Stored data:
-------------------------
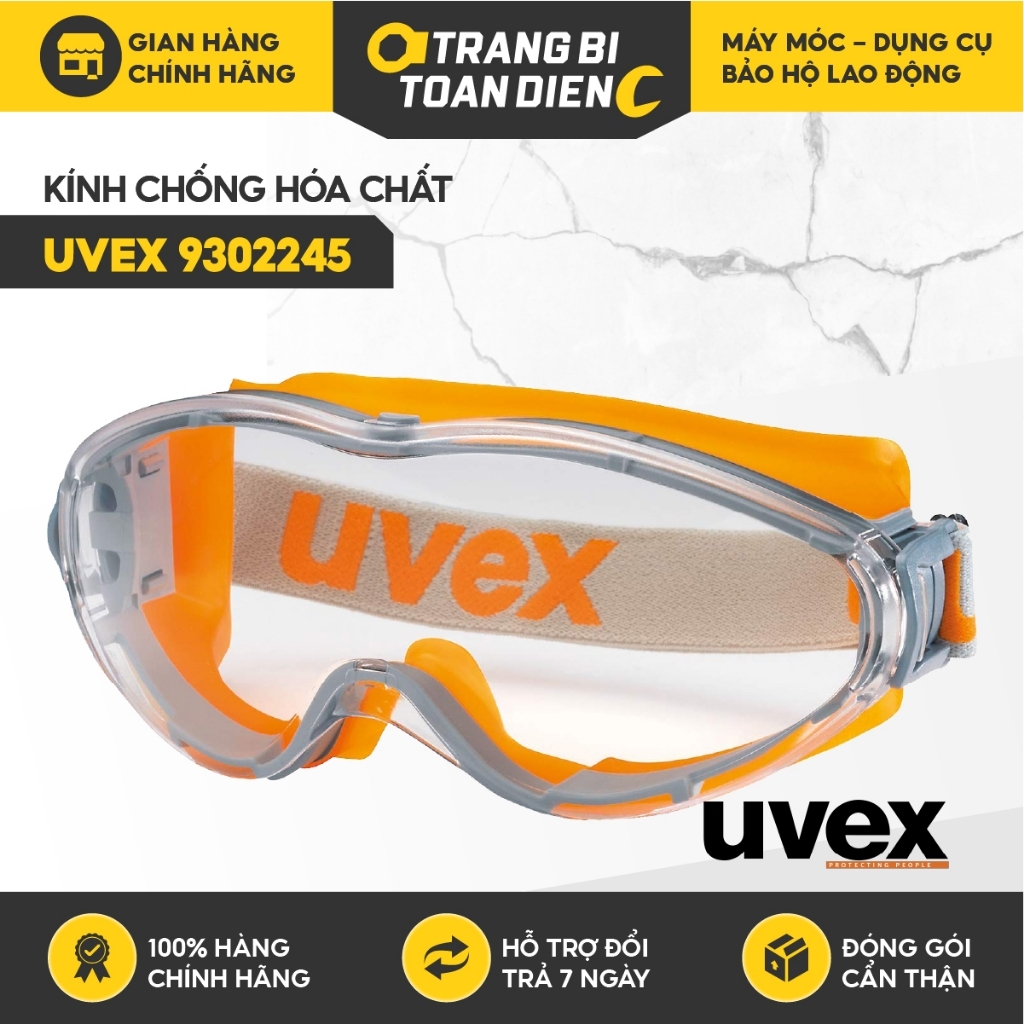 Mắt kính bảo hộ lao động Uvex 9302245 kính chống hóa chất, chống bụi ...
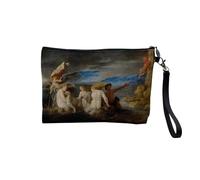 Pochette en Lin - Domenico Fetti Hero Mourning The Dead Leander Peinture - Trousse Maquillage en Toile Aspect Lin - Trousse de Toilette - 23,5 x15 cm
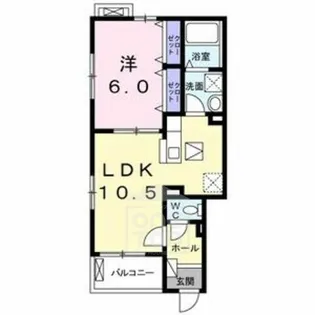 ブロスタ真砂【1階】の間取り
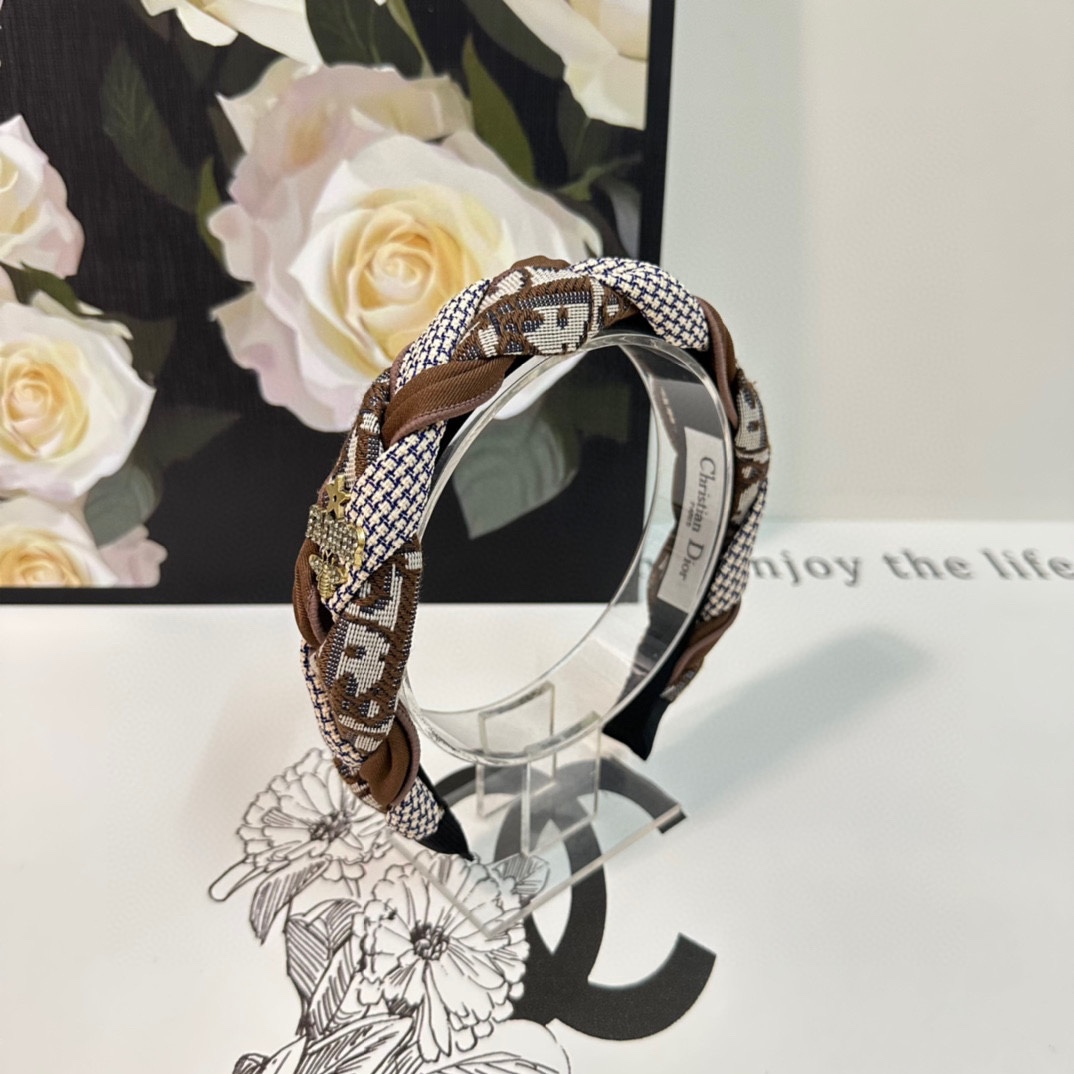 [TOP] Christian Dior The Latest Metal Headbands - 2 Colour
-------------------------
Work instruction: Rewrite the data above exactly as given, but omit the images.

Solution below:
 Mắt kính bảo hộ lao động Uvex 9302245 kính chống hóa chất, chống bụi ...
 Pochette en Lin - Domenico Fetti Hero Mourning The Dead Leander Peinture - Trousse Maquillage en Toile Aspect Lin - Trousse de Toilette - 23,5 x15 cm
 ブロスタ真砂【1階】の間取り
 [TOP] Christian Dior The Latest Metal Headbands - 2 Colour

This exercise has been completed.